Arriving in the mid-sized city of Rishon LeZion in 1990 with little more than the clothes they are wearing and a hope for a better life, the Frankels were minor celebrities of a sort back in Russia, big fish in the little pond of the community of voice-over actors who made their living dubbing foreign language films (at least those approved by the Soviet authorities) into Russian. Victor (Vladimir Friedman), proud and stubborn, is determined to recreate what he once had. When a trip to a one-time agent friend of his fails to produce results, he is forced to take a job as a pamphleteer, distributing informational fliers to his local community as preparation for Saddam Hussein’s inevitable rocket attacks. Eventually he stumbles into re-engaging with his past career when he comes upon a dodgy little bootlegging operation run by Irina (Nadia Kucher) and Shurik (Vitali Voskoboinkov), a hilarious pair of ne’er do wells whose business caters to the newly arrived influx of Russian-speaking citizens who just want to be able to see Die Hard and Home Alone in a language they can better understand. Victor has loftier ideas, however; he’s determined to introduce Fellini films to the masses.
Meanwhile, Raya (a luminous Maria Belkin) answers a want-ad looking for a woman with a mellifluous voice for a phone-related job, which turns out to be a phone sex call center run by Dvora (Evelin Hagoel), a tough-but-maternal mentor who agrees to give the job to the 62-year-old Raya due to her preternaturally “golden” voice. At first inhibited and embarrassed, Raya soon comes into her own, thriving in a role where she is able to create and inhabit other personae rather than parroting the pre-recorded lines of other actors’ parts as she once did. Her new-found freedom from her husband’s director-like control over their mutual storyline leads her to engage in an ill-considered but ultimately enlivening emotional enmeshment with a favored client of hers, with dramatic results.

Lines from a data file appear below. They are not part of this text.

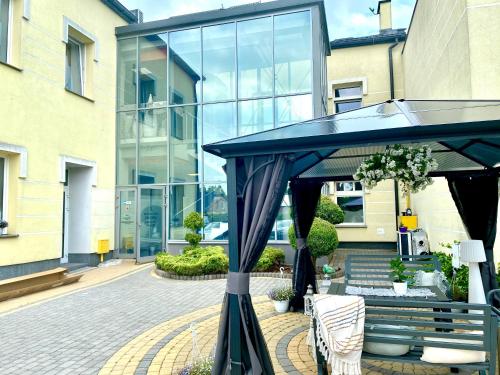 Apartamenty i pokoje „Pod Jedynką” (Apartamenty i pokoje „Pod Jedynka”) in Константинув Лодзький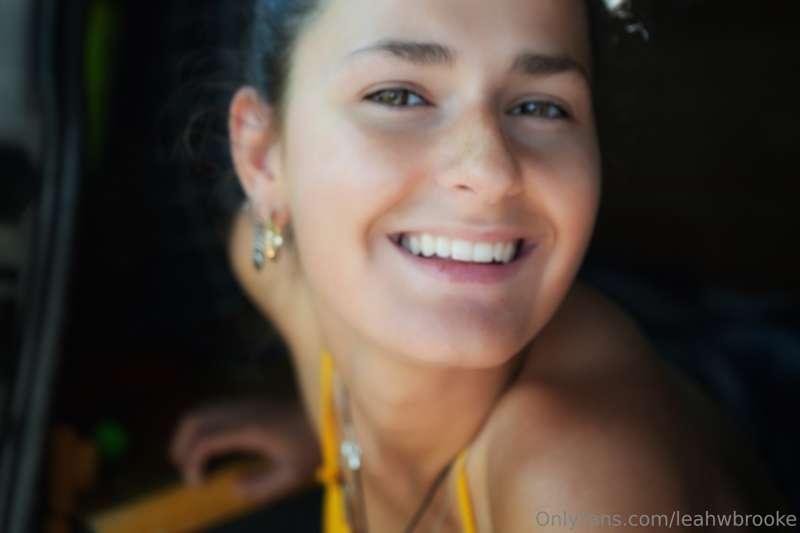 leahwbrooke image #4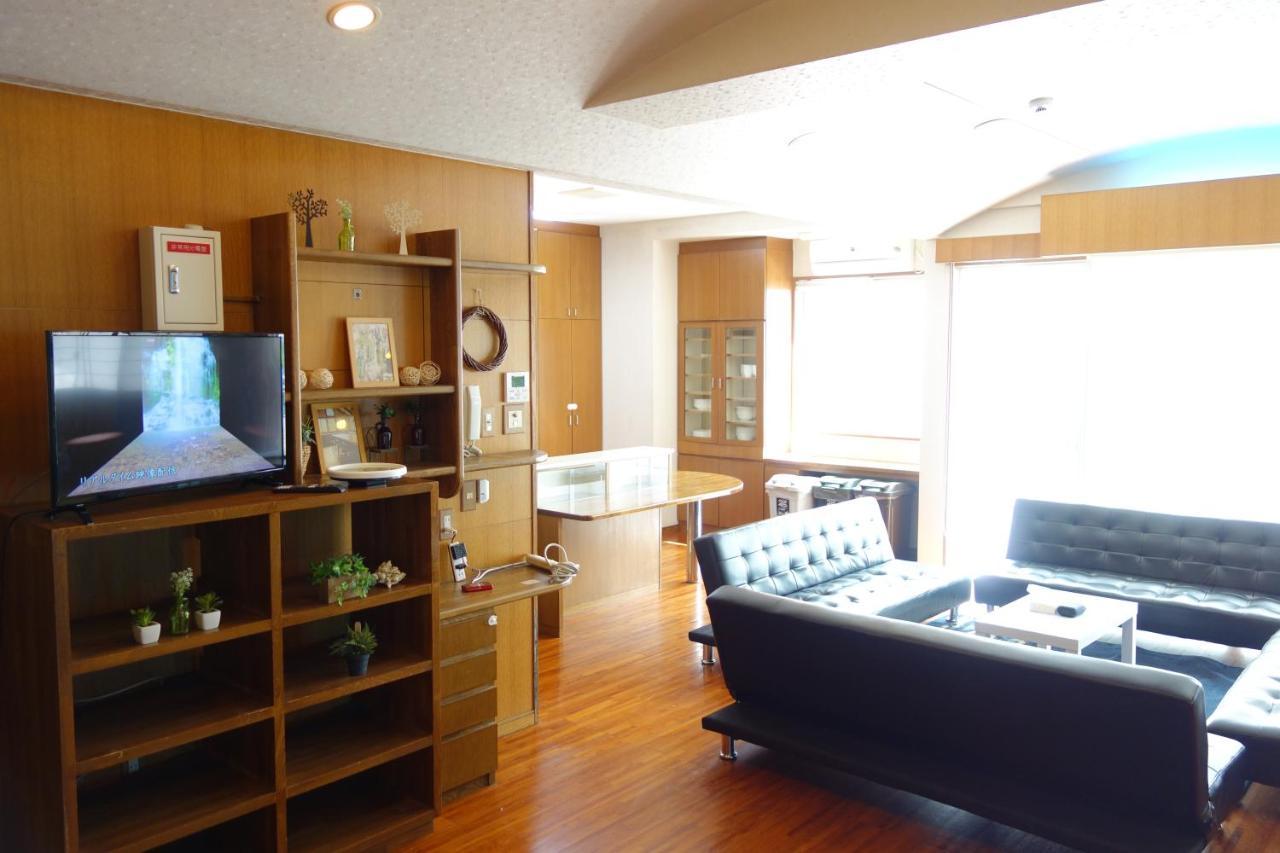 Okinawa Naha Rakuraku House Appartement Buitenkant foto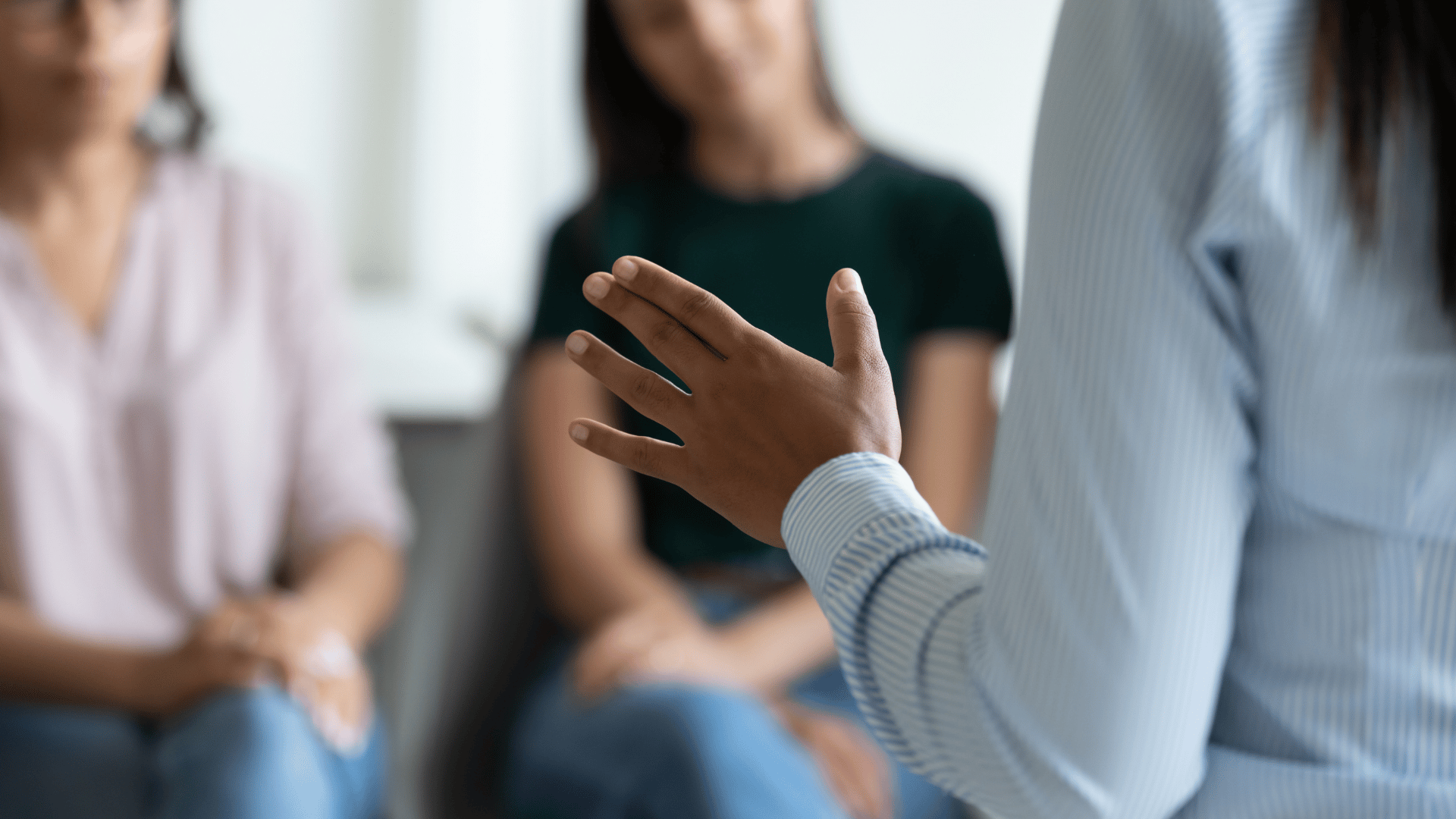 How to use storytelling to create community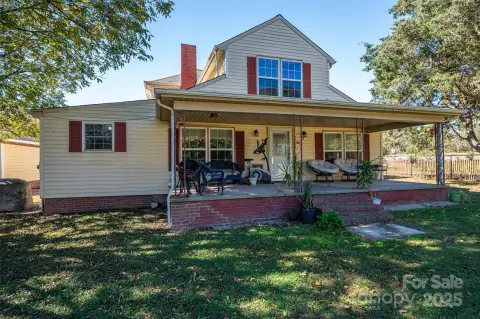 Historic Mixed-Use Property, Iron Station
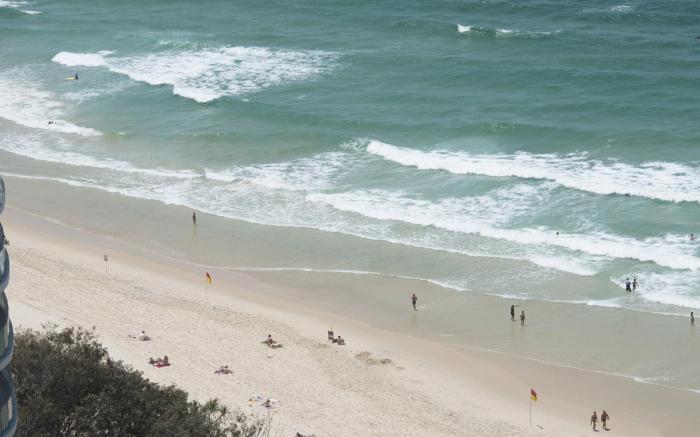 BreakFree Longbeach Surfers Paradise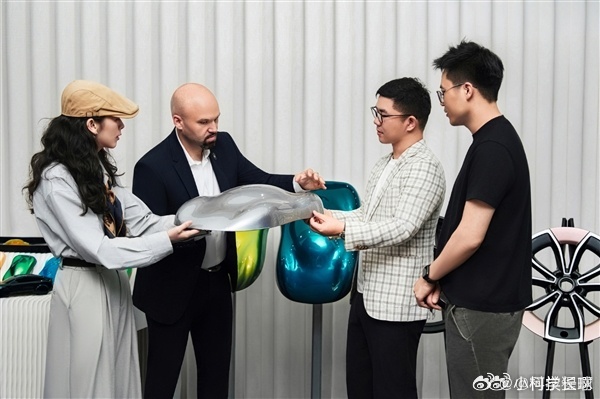 高端新能源赛道比拼早已从智驾、三电延伸至造型设计，智界这次人才引进精准踩中行业风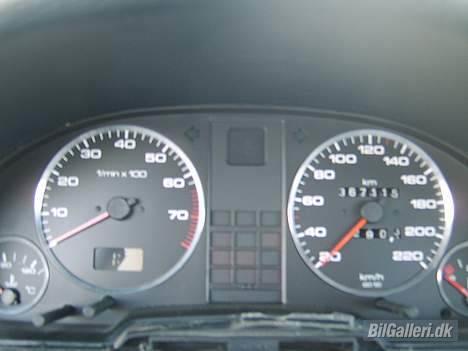 Audi total skadt øv billede 3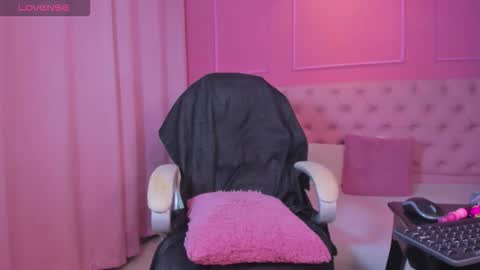 Vanniall online show from 02-15-26, 08:35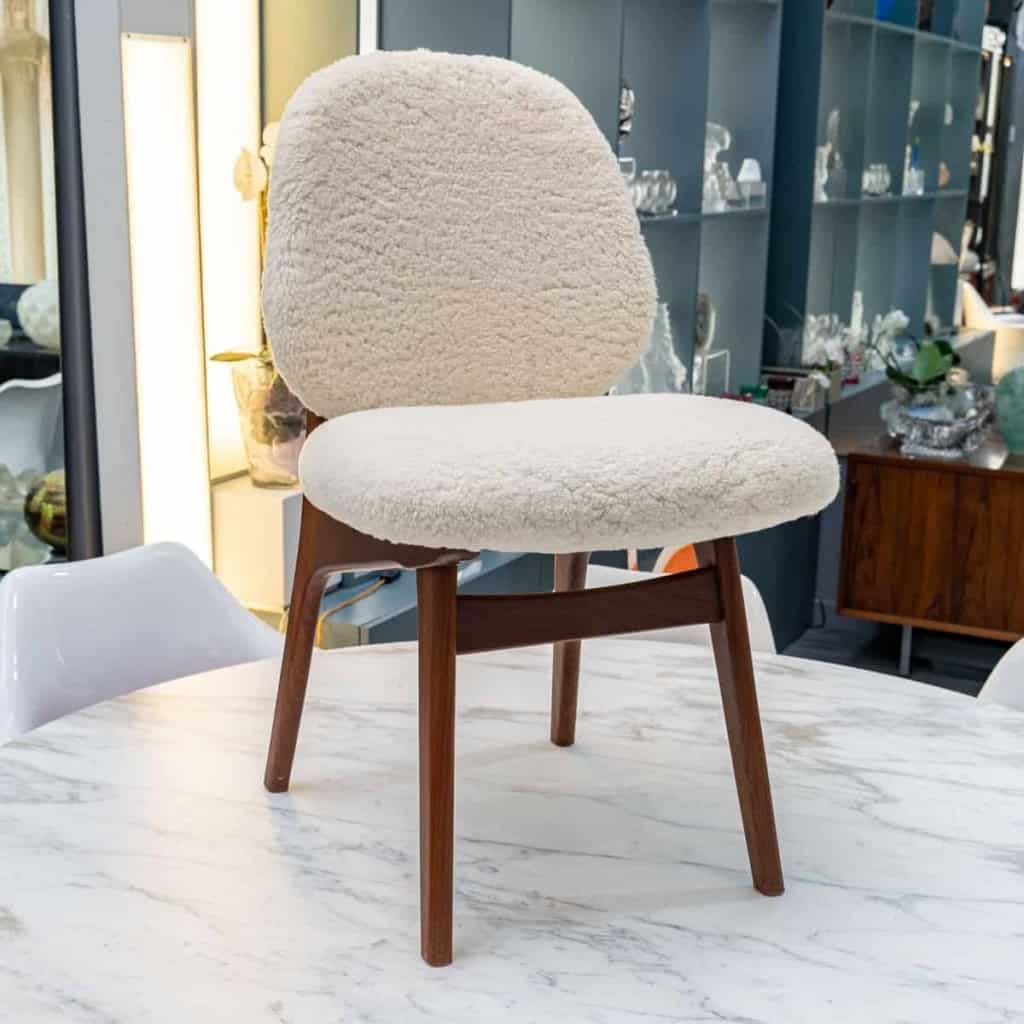 Ensemble de 6 chaises danoises en teck recouvertes de tissu en mouton bouclé.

The gently humanistic script by Ruman and co-writer/director-of-photography Ziv Berkovich is wonderfully specific in its details, obviously coming from a place of deep familiarity with the milieu and the people of this time and place. “In the particular is contained the universal,” and so the carefully considered choices made in the art direction, wardrobe, locations, etc., help to open up and humanize what might have otherwise been a rather niche story, foreign to most viewers’ lived experiences. All of the actors are good, but Friedman and especially Belkin are absolutely terrific. Many viewers may be unfamiliar with these seasoned professionals, and their work here should inspire the curious to seek out both of their past work as soon as possible.
Ultimately, Golden Voices is a funny and emotional rumination on the art of acting, both in terms of cinema and of our day-to-day lives; and how it sometimes requires a rupture with our pasts in order to shake us out of our predetermined courses and towards a more fulfilling and mutually satisfying engagement with the future.